Please Take My Advice

8 March 2010

If you know me, you’re unlikely to describe me as a shrinking violet or lacking in confidence. In a meeting about a year or so ago, someone announced that I was “full of self-doubt”.  There were loud guffaws around the room and cries of “Sally doesn’t DO self-doubt”.

But I hope I’m not a “know-all” or cocky.  I’ve learnt over the years that the best thing to do if you don’t know something is to admit it and ask someone who does.  It’s quite easy and generally nobody thinks any worse of you; in fact, quite the reverse. 

To pretend you’re proficient at something when you’re not is not clever;  it’s stupid.

To fail to seek advice or help from people who are better qualified/more experienced is not clever;  it’s stupid.

If I need legal advice, I ask a lawyer.  If I need knitting advice, I ask a knitter.  If a lawyer needs knitting advice, as Judith pointed out here, s/he doesn’t go along to the Law Society.  S/he asks a knitter.

Now if everyone would just take MY advice on this and stop pretending that they’re experts in everything under the sun, my life (and those of lots of others) would have been a lot easier over the last few weeks.




  1. MY advice to ME would be just to keep my mouth shut permanently. I should have learned my lesson at a party a few years ago.
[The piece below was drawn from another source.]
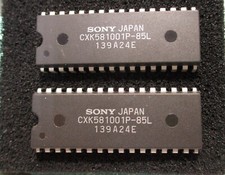 Sony 128Kx8 High Speed 32DIP 1M CMOS Asynchronous SRAM Memory CXK581001P-85L 2PK picture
I was dancing madly with a very nice man and after a while he laughed at our efforts and said we seemed to be generating more heat than light. Having read somewhere that motion produces heat and that there was a formule for that, I said, “Ah, the second law of thermodynamics”, thinking he’d be very impressed.

    He wasn’t – after questioning me on this and establishing that I hadn’t a clue what I was talking about, he revealed that he was the senior mechanical engineer of the largest engineeting company in the UK and a qualified thermodynamicist.
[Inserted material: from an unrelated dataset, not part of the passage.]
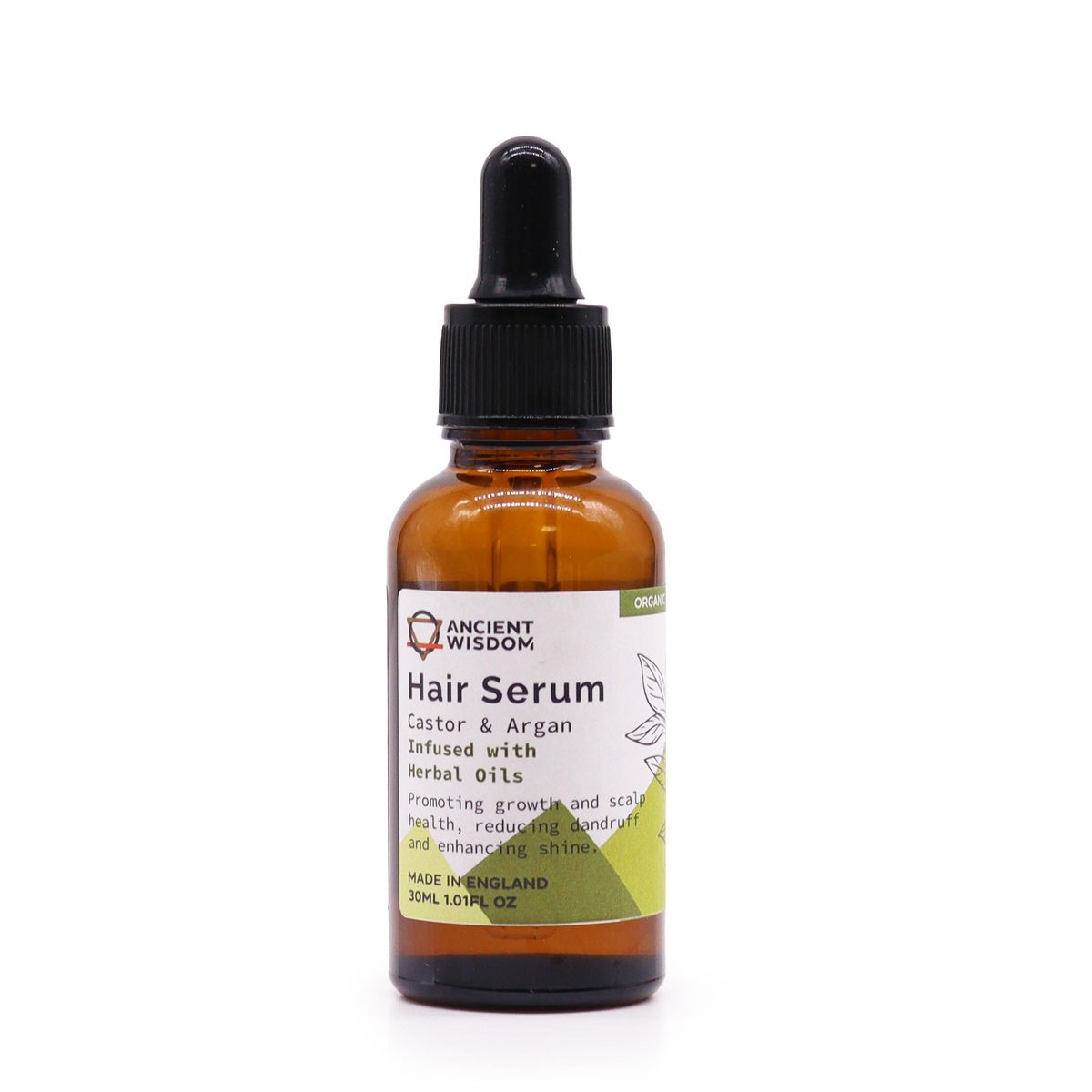 Organic Hair Serum – Herbal, 30ml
    Which left me looking stupid, rather than clever, which had been my intention.

    So have I learned my lesson? No. I can still foot-in-mouth to gold medal standard at every opportunity.

  2. No, HE was the dope, for taking the joke (and himself) so VERY seriously. Hopefully he did not actually intend to make you feel foolish. He should have worked out by now that there just ain’t that many thermo-whatsits at the average party.